He has fun, too. This is actually one of the most endearing things about him, that he very viscerally loves riding his bike. That love is obvious to anyone who has the privilege to observe him. On the hellish slope of Luz Ardiden, I stood by the side of the road and watched him zip by impossibly fast round the penultimate hairpin, riding to another resounding win. Brown-blond hair poking out from his helmet in its signature tufts, his tongue hung out to lick his lips before they split into a smile - not a grimace but an honest-to-god smile. Stomping up that brutal gradient, he was having a good time, plain and simple. There was no greater joy to him than being one with himself and the human-powered machine around which he had oriented his entire life.
Cycling for fun
I asked a lot of riders about Pogacar. Back in February, I would bring him up with Roglic, who didn’t say much, other than they were still friends. I didn’t really believe that until I read on a Slovenian sports site that after Roglic had crashed out of the Tour, Pogacar would call every few days to check up on him. I asked his UAE team-mates about him, too. In the first week, Brandon McNulty characterised him as a “really nice, really chill guy”. Marc Hirschi called him “calm and relaxed”. Nice. Calm. These are the words to describe a pleasant boy who’s never been paralysed by the pressure to succeed simply because even if he failed, he still got a nice bike ride out of the failure. Matej Mohoric, a long-time personal friend, said of him: “He’s super laid back, super relaxed, just taking life one hour at a time, one moment at a time. He always just enjoys.” A concession: “Okay, maybe things have come a little bit easy for him so far, but he’s not really feeling any pressure.” Still, “He’s really, really persistent, also quite determined. He has no points to prove.” Mohoric then contrasts Pogacar to Roglic, who is entirely victory-driven, who is focused, who thinks of things like long-term achievements. “Of course, winning also means a lot to Tadej, but he’s a lot more relaxed, a lot less goal driven. He’s just enjoying life.” I didn’t quite believe this until someone asked Pogacar in the post-Tour conference whether he planned on winning multiple Tours. He looked at the journalist with slight confusion, as though he didn’t understand the question. He answered that at the moment, he was just thinking about the Olympics. One race, one day, one hour at a time.

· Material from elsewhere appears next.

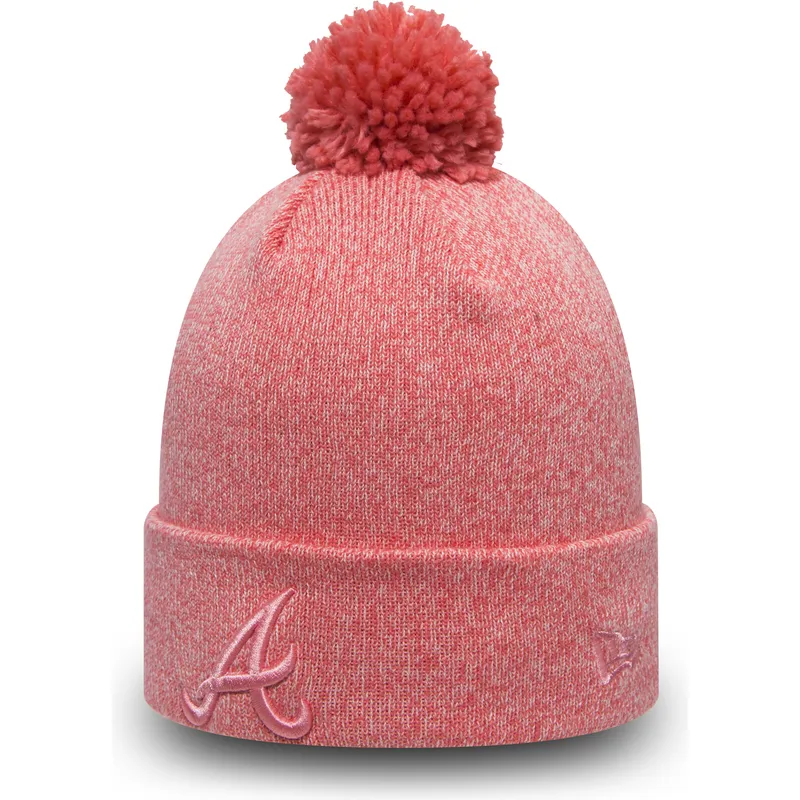 sapkak-pompon-rozsaszin-cuff-knit-essential-bobble-atlanta-braves-mlb-new-era sapkak-pompon-rozsaszin-cuff-knit-essential-bobble-atlanta-braves-mlb-new-era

This Tour, despite the increased attention, Pogacar has become gradually more comfortable with being himself. As soon as he steps off the bike, he’s a kid again and he does, well, kid stuff. He faved a meme on Instagram of Sepp Kuss photoshopped with a joint in his mouth, captioned ‘Sepp Kush’. He photobombed the video interview Mohoric did after winning stage 7. He gives fistbumps to the guys who roll past him in the mixed zone. He makes faces and sticks out his tongue. Sometimes, he becomes flustered and embarrassed, like when I asked him after stage 14 why everyone in his finishing group was sprinting at the end despite there being no time gaps to close, nothing to be gained.

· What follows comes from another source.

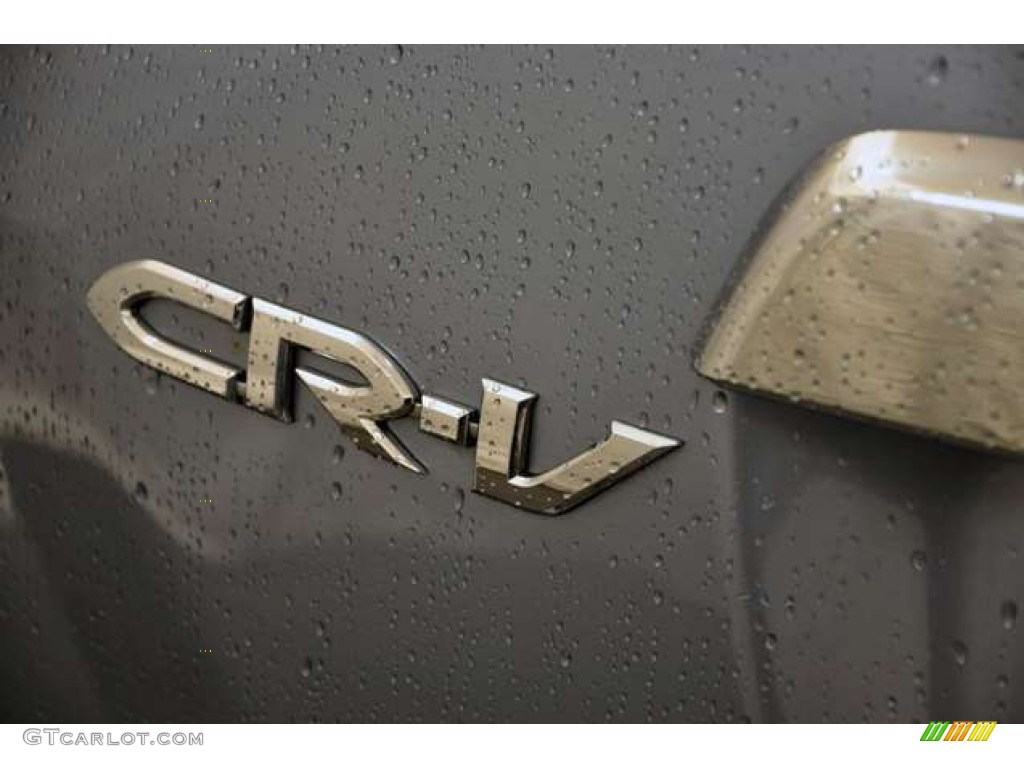 2009 CR-V EX 4WD - Glacier Blue Metallic / Gray photo #7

“I don’t know huh? Everyone was going full gas...and then we had a little sprint,” he giggled. “It was nice to have a little kicker in the end, open the legs...that’s what we do. We enjoy the ride, we enjoy sprinting each other.” It was a moment when I realised that this was all a game to him, no different than any Saturday club ride. It was all in good fun. Other people agonised and buried themselves and suffered and looked at the race as some venerated site of glorified anguish. Pogacar looked at it and saw it for what it was: a bike race, and anything he did on the bike that seemed inexplicable could be explained by this. Why, people asked, would he keep attacking, keep going deep, keep putting in digs, keep wasting energy in the final Pyrenean stages even though he was so far ahead in the GC? Why would he be so okay with being isolated sometimes as early as halfway through a stage? Why would he sprint for even the minor of places? The answer is simple. He doesn’t think of cycling as some kind of micromanaged exercise in calorific budgeting. He’s a bike racer from another era, a bygone era, an era of individual triumph and prowess. It just so happens that Pogacar is good enough to ride like that, in that swashbuckling fashion in the face of all these powerful teams who function less like sporting outfits and more like small infantries, tightly organised with military discipline. Against them, Tadej Pogacar is a hand grenade thrown into the ranks.
Dynastic succession
I once watched a documentary on Eddy Merckx, in which it was portrayed how the Belgian would simply burn through his domestiques one by one until he would inevitably be out at the head of the race alone. Being a Merckx domestique was possibly the worst job in the peloton. When one looked at the battered ranks of UAE Emirates at the end of a mountain stage, after they’d finish minutes down on their pioneering leader - Hirschi with his dislocated shoulder, Rafał Majka with his bruised ribs, McNulty bearing the scars of two bizarre crashes - one got the sense that being a Pogacar domestique isn’t dissimilar. There were criticisms that his team was weak, perhaps unfounded. UAE Emirates just didn’t ride in the way strong teams are expected to these days - the Team Sky way, constantly on the front, boot on the throat from beginning to end. But also, like Molteni back in the day, UAE didn’t need to ride that way to win. They stuck with Pogacar until they could no longer, and then it was known that he was more than capable of fending for himself. That’s the mark of a team with no insecurity in its leader, which, in a way, is the strongest kind of team there is. And what would have been gained if they rode in a train? Nothing, not least because they couldn’t, after all the first-week crashes. No one could, and the race was better for it.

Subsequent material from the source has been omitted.